Colorado Governor Dan Thornton was the namesake of the planned Adams County community of Thornton. Four years after the town's first show home opened in 1953, area Catholics convened in the historic Riverdale Grange Hall 187 to organize Holy Cross parish, which Archbishop Vehr formally created on August 15, 1957.

Charles T. Jones was selected as the founding pastor. When over 800 began squeezing into the grange hall for the four Sunday Masses, he and members of the parish began "Operation Open House," with meetings in over 100 host homes to discuss church building.

Land was acquired on Eppinger Boulevard between York and Wigham streets, where a surplus Rocky Flats weapons plant structure was installed and remodeled as a church/school dedicated on October 13, 1957. The building was doubled in size and given a blond brick facing and a dramatic entryway wooden cross. Archbishop Vehr dedicated the new building on September 17, 1958. Franciscan nuns from nearby Marycrest Convent helped with religious instruction, to be followed in 1960 by the Sisters of Charity of Cincinnati; lay teachers taught secular subjects until the school closed in 1975.

To assist the many young families of the parish in buying new suburban homes in Thornton, Holy Cross established a parish credit union. Bake sales in Thornton Shopping Center, Mexican dinners, street dances, and St.
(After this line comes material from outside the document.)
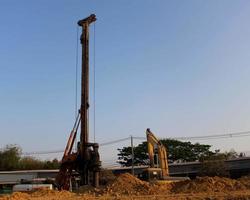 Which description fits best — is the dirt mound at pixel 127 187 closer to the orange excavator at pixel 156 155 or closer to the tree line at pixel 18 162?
the orange excavator at pixel 156 155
Patrick's Day galas helped sustain the parish, whose membership soon climbed to over 1,000 families, with 125 children on the waiting list for the school.

Father Jones stepped down as pastor in 1967, to be followed by various pastors over the years, including Martin Lally, who has guided the parish of over 800 households since 1986. Charles J. Chaput, a Native American Capuchin priest of the Prairie Band of the Potawatomis who served as pastor at Holy Cross during the 1970s, was appointed, in 1988, bishop of Rapid City, South Dakota.

A former parishioner, Pat Hillyer, became a prize winning reporter for the Denver Catholic Register, where she was appointed managing editor in 1988. In the parish's 1982 jubilee booklet, Pat reflected:

Holy Cross'[s] humble beginning was an unpretentious grange hall, several miles outside the city. There was no polished wood, lovely furnishings, or golden ornaments. But, there was a nucleus of warm, loving people, on fire to become a united community and bear fruit for the Master. They, and those who followed, sacrificed countless amounts of time, talent and treasure to build what today stands as a unique parish, where people are the most important ingredient.